Newman took a slightly more conciliatory tone during his testimony, but still sought to shift the focus away from the blowout preventer and to the well itself.
"Here was a sudden, catastrophic failure of the cement, the casing, or both," he said. "Without a failure of one of those elements, the explosion could not have occurred."
The well's cementing was done by Halliburton. But Halliburton's chief safety and environmental officer, Tim Probert, said responsibility lay with either Transocean or BP.
"The casing shoe was cemented some 20 hours prior to the tragic incident," said Probert. "Had the BOP functioned as expected, this catastrophe may well not have occurred."
During the cementing of the well, Halliburton simply followed BP's instructions, he said.
Senators were not impressed with the blame game.
"Shifting the blame does not get us very far," said Republican Sen. John Barrasso of Wyoming. "And it does not change America's need for energy."
Several senators focused on the blowout preventer, and why it didn't work.
"Should we go forward with deep-water drilling when we know these blow out preventers may not function?" asked Democratic Sen. Mary Landrieu, of Louisiana, whose state has been severely affected by the spill.
Elmer Danenberger, former head of the Minerals Management Service, the federal agency that regulates offshore drilling, said the blowout preventers usually work.
But in some cases, such as thick sections where two joints come together, the preventers won't cut through the pipe, which is necessary to pinch it shut and stop leaks.
Senators wanted to know why there weren't more shears on the blowout preventer in case one shear hit a thick spot on the pipe. They also asked why other backup systems were not in place.
"That was going to be in place, but apparently it never happened," Danenberger answered.
It has been speculated that additional shears might make the devices too heavy for older drill rigs to carry.
Minerals Management Service has come under fire as the story of the spill has unfolded. The agency has to balance competing priorities: slowing drilling to ensure safety while also generating royalties for the U.S. government.
On Tuesday, the Obama administration announced plans to split the agency in two to avoid conflicting interests.
MMS has also been accused of being too close to the oil industry, especially after news broke last year that some of its members were partying with and receiving gifts from oil executives.
"You've all seen the records of the sex parties, the pot parties," Democratic Sen. Bill Nelson of Florida told a Senate Environment and Public Works panel in the afternoon. "MMS clearly needs to get cleaned up."
Under federal law, BP, as the lead project operator, is responsible for all clean-up costs associated with the spill.
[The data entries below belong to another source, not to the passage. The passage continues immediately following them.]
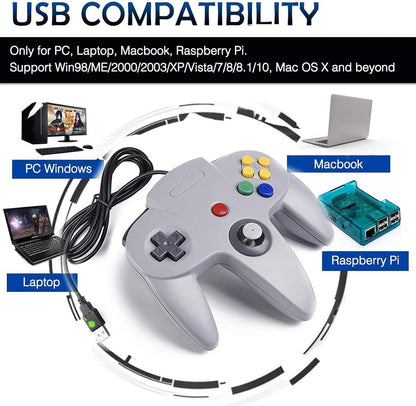 2 Pack USB Wired N64 Controller, Classic N64 PC Gamepad Joystick Controller for Windows PC MAC Linux Raspberry Pi 3 (Black/Gray)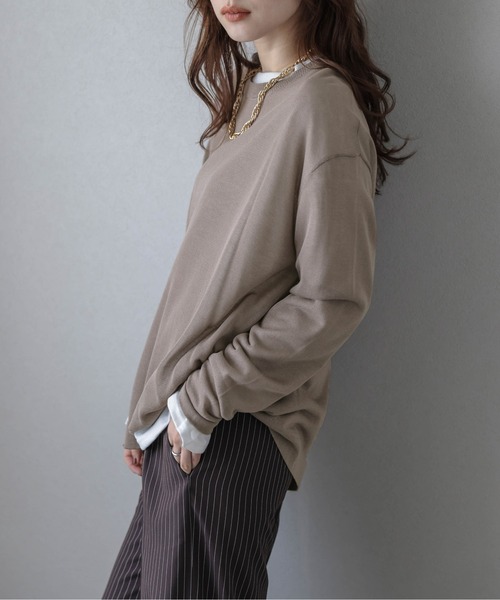 Lajour(ラジュール)の「【日本製】シアーニットプルオーバー(Tシャツ/カットソー・レディース・ホワイト/ブラック/ネイビー/モカ・フリー)」の13枚目の写真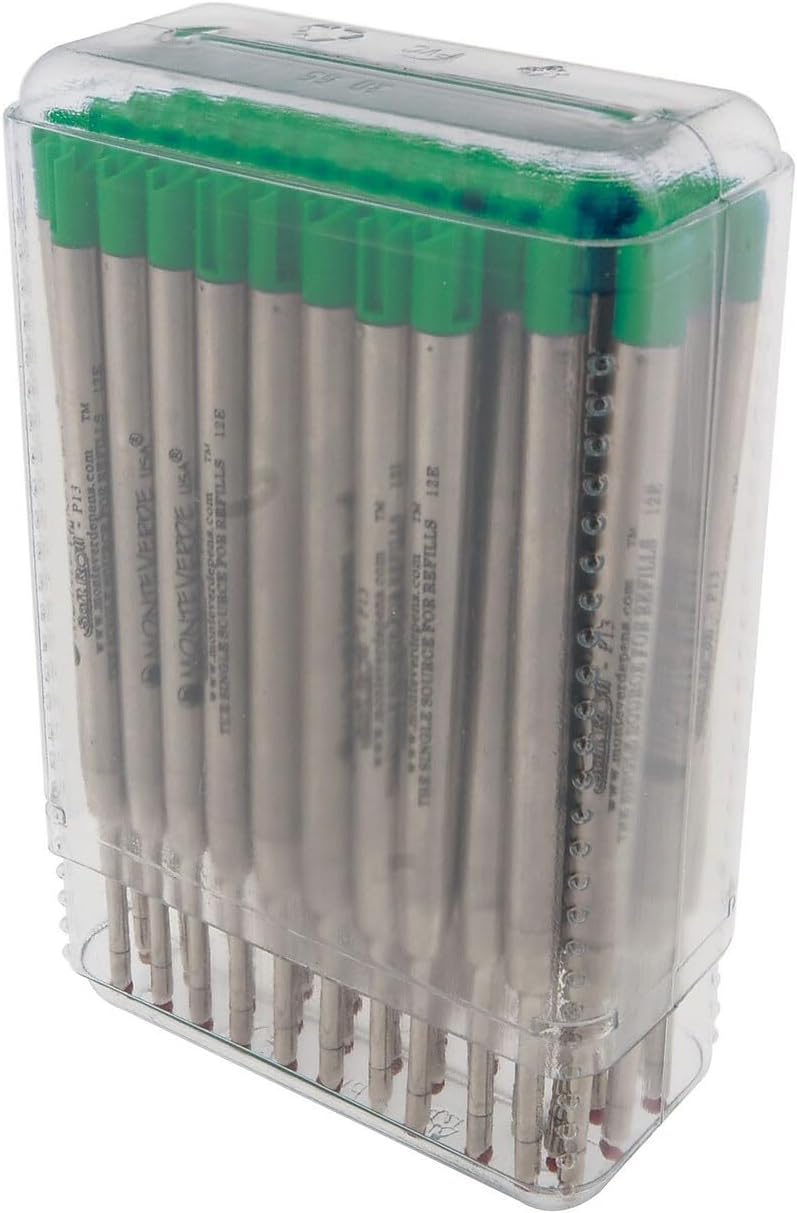 Monteverde Soft Roll Ballpoint Pen Refills to Fit Parker-Style Pens, Medium Point, Brown, 2-Pack, Smooth Writing Technology for Parker, Conklin, Schmidt, and More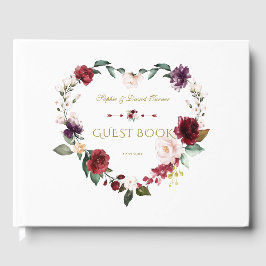 Royal Burgundy Blush Flowers Navy Blue Wedding Gastenboek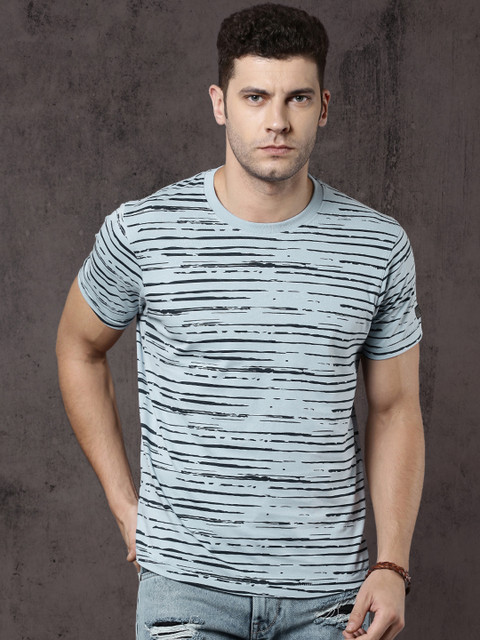

Roadster Men Blue Printed Round Neck T-shirt
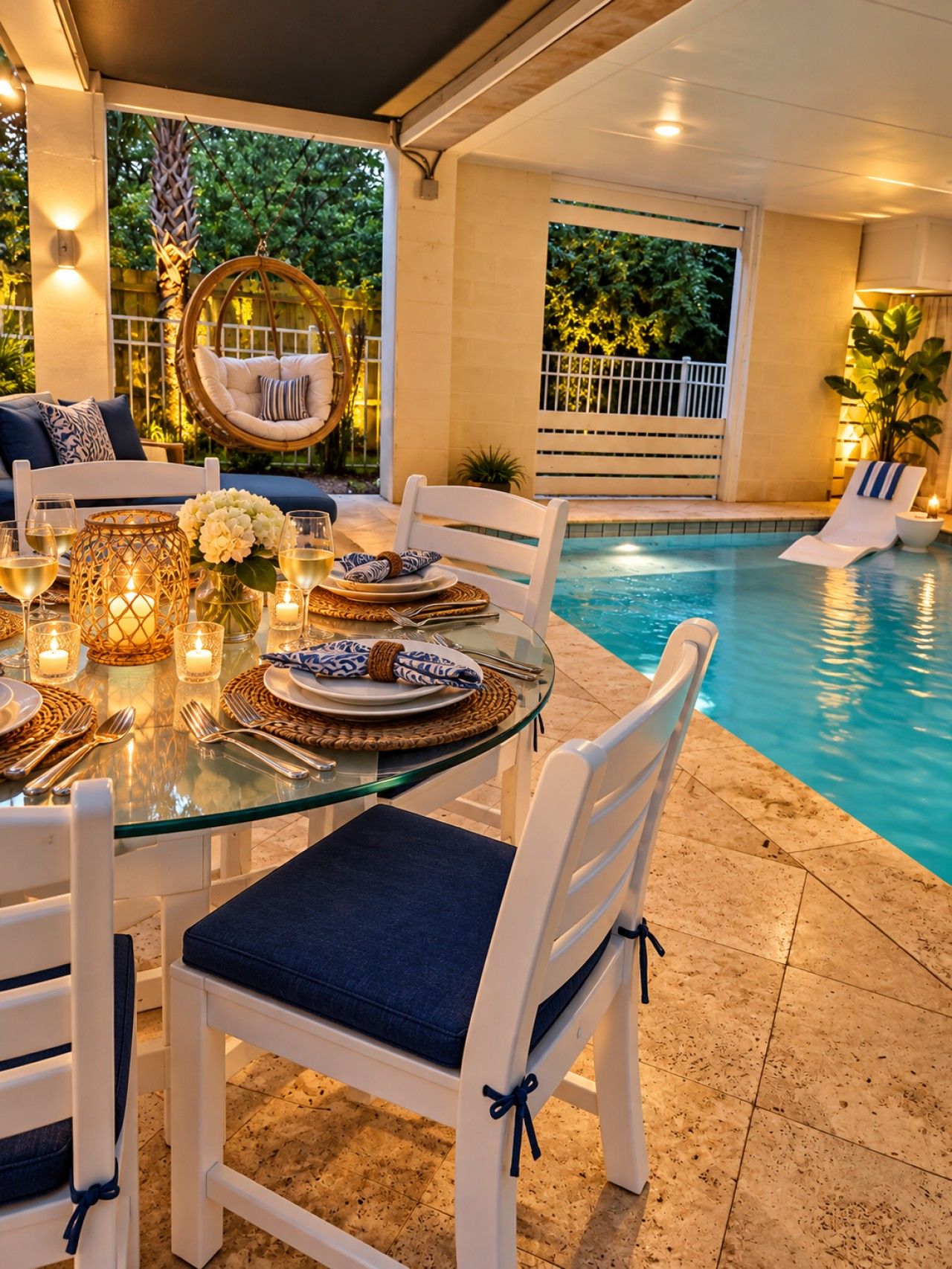 Una mesa de comedor con superficie de vidrio, sillas blancas, una piscina y una silla colgante.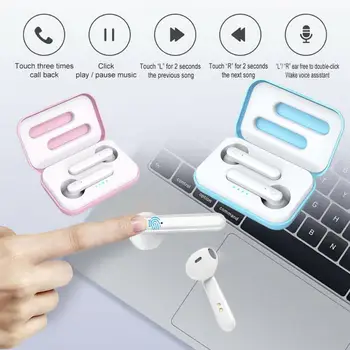 

Cute Real Wireless Bluetooth Earphone Bass Waterproof Headphones In ear Sport Headset LED Display MIC for iPhone Samsung Xiaomi
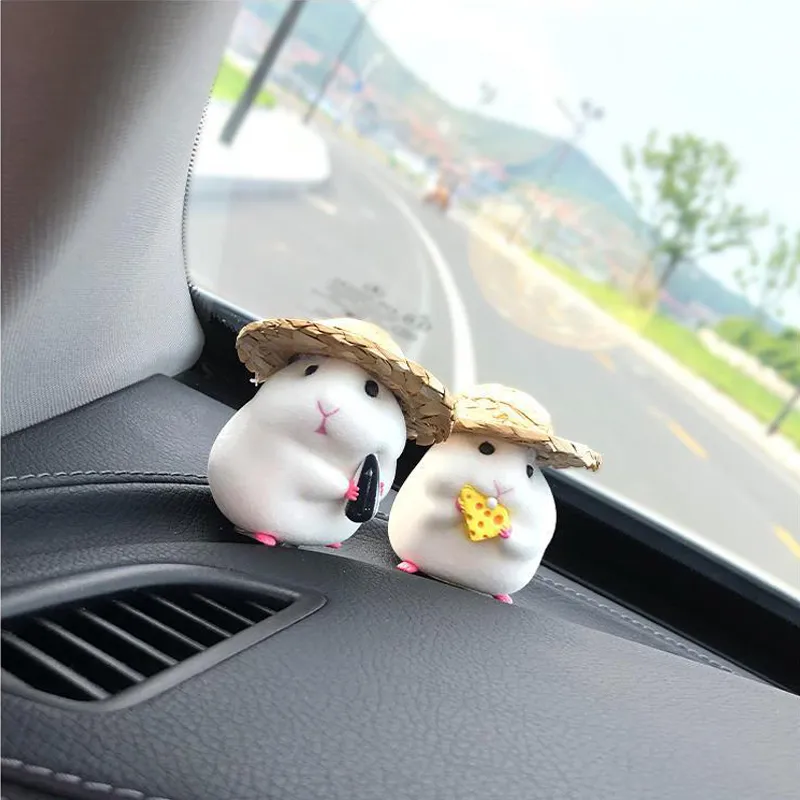 Car Decoration Hamster Car Accessories Window Center Console Cute Doll Car Interior Pendant Auto Dashboard Cool Decoration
On Monday, BP said it has spent $350 million so far.
But damages caused by closure of fishing grounds, shipping lanes and tourist spots could exceed the cleanup costs, and it's unclear which party will pay those or how much they'll add up to.
Under current law, BP may only be liable for the first $75 million of claims that are expected to run into the billions.
BP has said it will pay all "legitimate claims" when it comes to compensating people for economic loss.
At Tuesday's hearing, BP's McKay said the company expects to spend more than $75 million on compensating people for the spill.
But under questioning from Democratic Sen. Maria Cantwell of Washington, the extent of the commitment wasn't clear.
"So you'll pay for lost fishing opportunities?" asked Cantwell.
"All legitimate claims," responded McKay.
"And lost tourism revenue?" asked the senator.
"All legitimate claims," McKay answered again.
"And how about lost tax revenues to towns and parishes?" asked Cantwell.
"Question mark," said McKay.
"And damages sustained to Louisiana's brand?"
"I really don't know," said McKay.
While the subcontractors are thought to have some legal indemnification from BP and the federal government, lawyers say they could still be open to lawsuits from fisherman and others affected by the spill.
Ultimately, experts have said total costs could range from $2 billion to $14 billion or higher, depending on when the leaking well is closed and where the oil washes ashore.